Matlab Double cast from Uint64

Question

I am casting a 64bit fixed point number to floating point. How should that be done in Matlab? The following code gives different results. What is the difference between typecast and the double(x)

temp = 2^32*uint64(MSB) + uint64(LSB);
out_0(1, 1) = typecast(temp, 'double');
out_1(1, 1) = double(temp);

An Example:

temp = 4618350711997530112

data = typecast(temp, 'double')

data =

    5.9194

>> double(temp)

ans =

    4.6184e+18

Answer 1

If you want to maintain the same number, you should definitely use double to convert it:

double Convert to double precision.
double(X) returns the double precision value for X.

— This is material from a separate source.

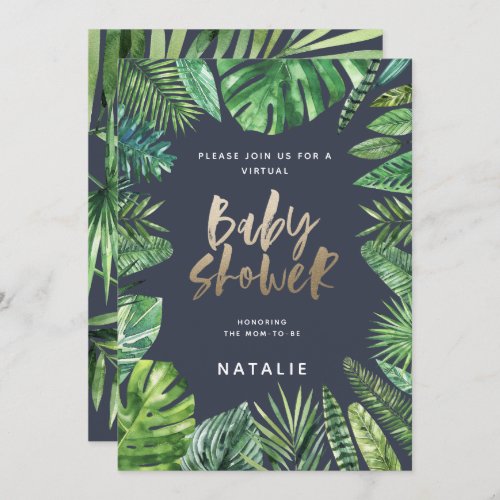 Tropical palm leaf script virtual baby shower save the date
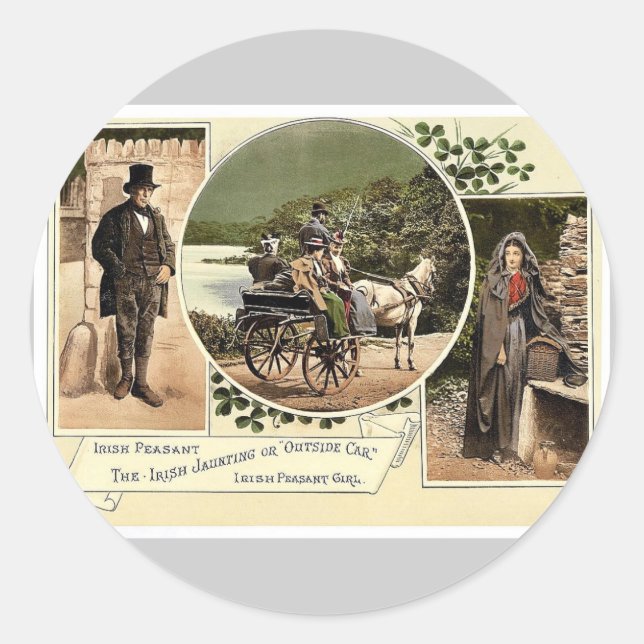 Sticker Rond Irish Jaunting Car et Paysans. Co. Galway, Irela (Devant)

Whereas typecast maintains the internal representation, i.e. the bytes are maintained the same but or differently interpreted:

typecast Convert datatypes without changing underlying data.
Y = typecast(X, DATATYPE) convert X to DATATYPE. If DATATYPE has
fewer bits than the class of X, Y will have more elements than X. If
DATATYPE has more bits than the class of X, Y will have fewer
elements than X.

Note that it is only possible to use typecast when the number of bytes are the same, which is not true for double as it tries to represent the same number as close as possible in double precision. For example, you cannot typecast uint32 to double, but you can typecast two uint32 to one double number. If you use double to convert it, you will obtain respectively one and two doubles.

C++ equivalent

X = double(uint64(123));
=> int64_t x = 123; double X = x;

X = typecast(uint64(123), 'double')
=> int64_t x = 123; double X = reinterpret_cast<double>(x);

Answer 2

In addition, because it seems you have two 32-bit uint values MSB and LSB; To convert them to uint 64 you can use typecast.

U = typecast([MSB,LSB],'uint64')

Then conversion to double as suggested by m7913d

D = double(U)

So you see typecast has a very different function compared to double.